### Activity
Below are lines of records; copy exactly those from the one containing "Advanced_Random's tweet image." through the one containing "#jjba #pucci", leaving the pictures behind.

===== Extracted entries =====

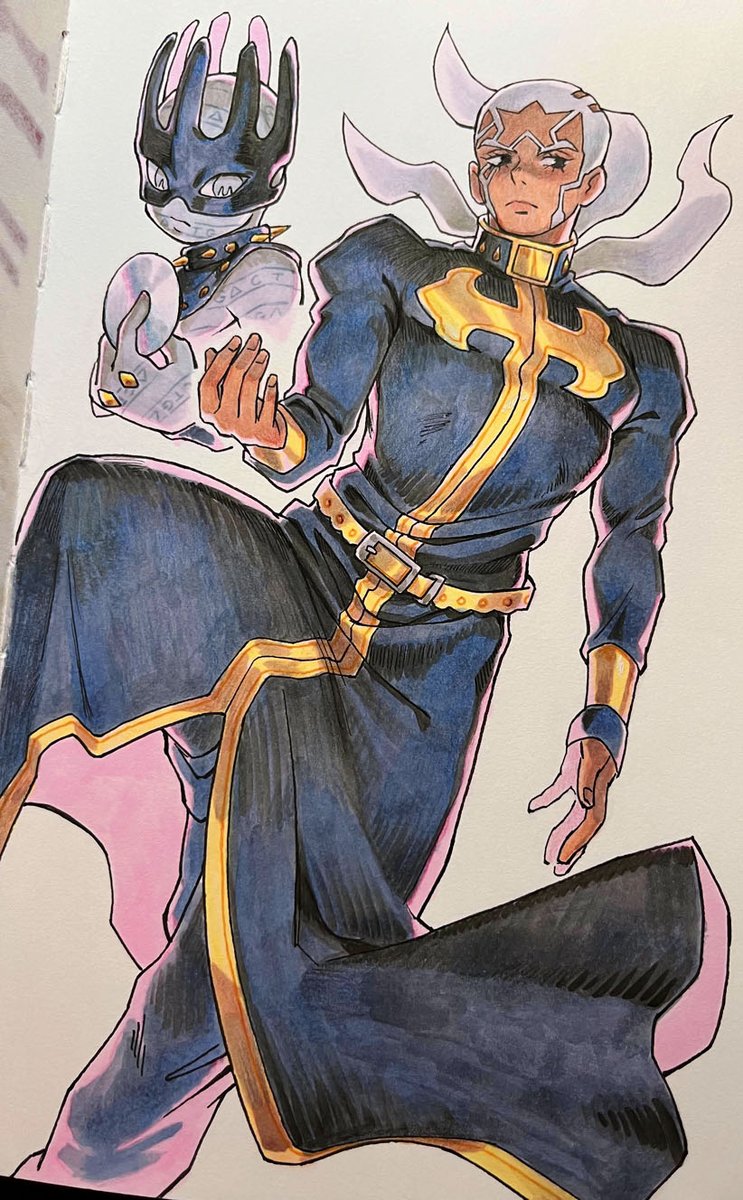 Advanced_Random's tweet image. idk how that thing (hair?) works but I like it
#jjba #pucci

=====
===== Extracted entries =====

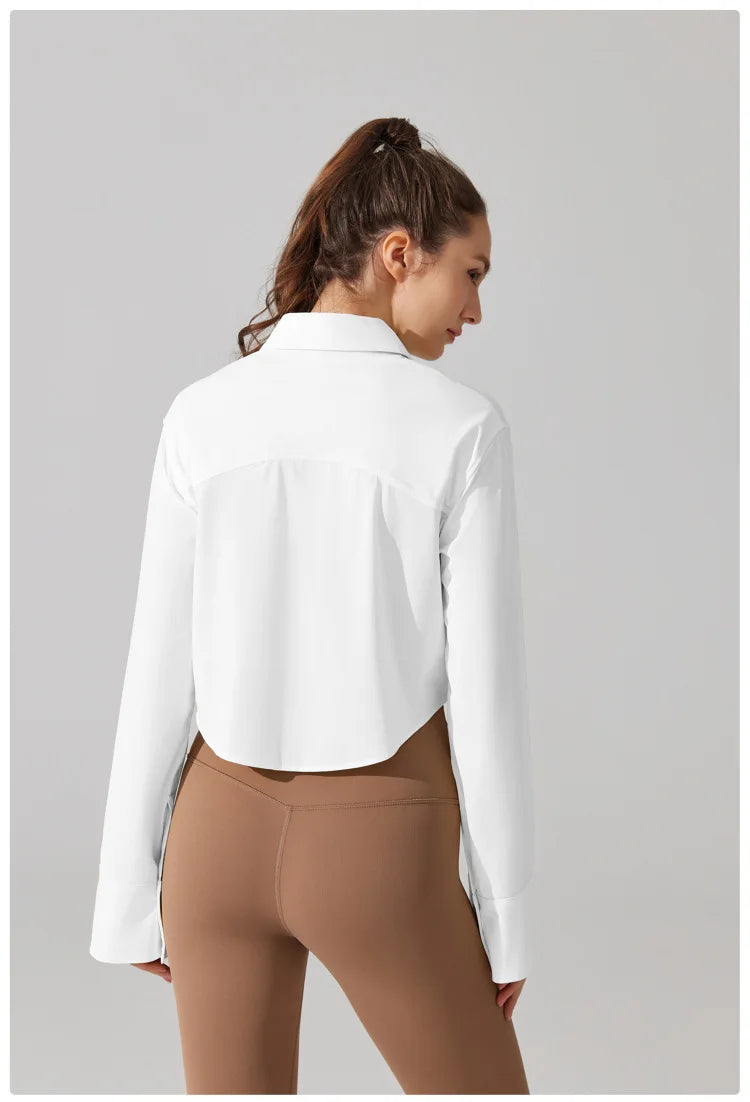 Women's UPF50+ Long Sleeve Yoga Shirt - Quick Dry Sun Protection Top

=====
===== Extracted entries =====

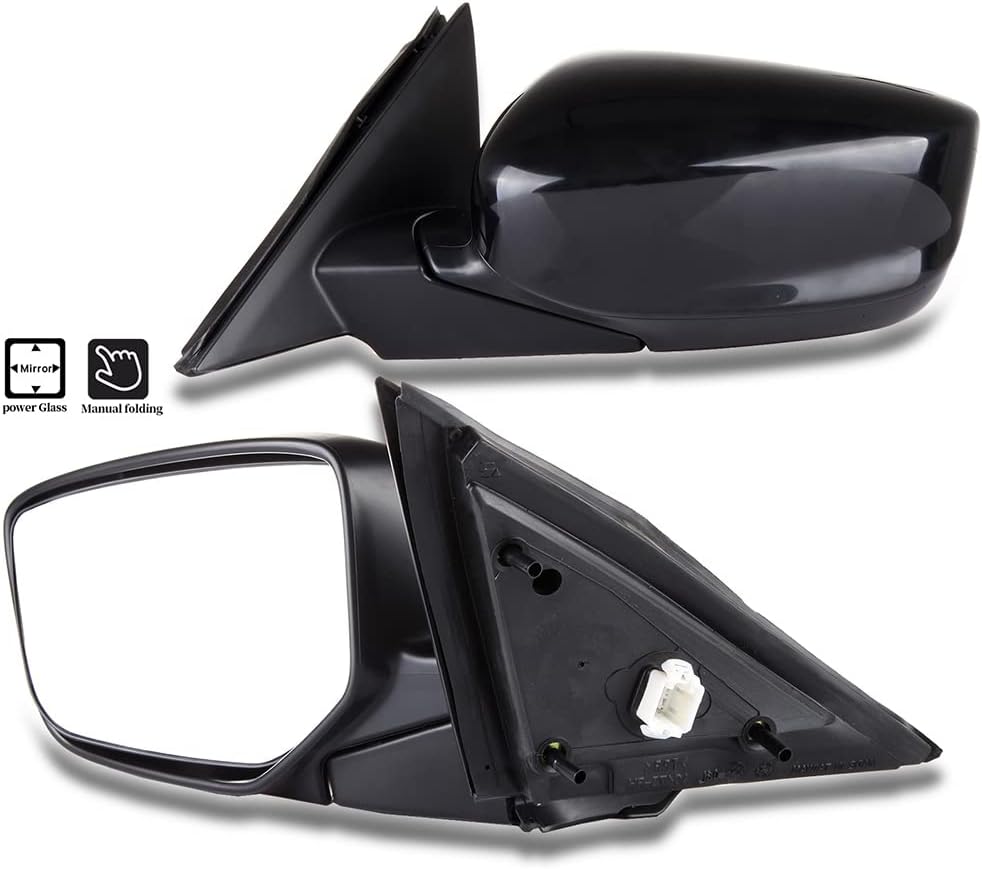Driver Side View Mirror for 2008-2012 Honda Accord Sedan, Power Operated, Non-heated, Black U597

=====

### Solution to the problem
 Advanced_Random's tweet image. idk how that thing (hair?) works but I like it
#jjba #pucci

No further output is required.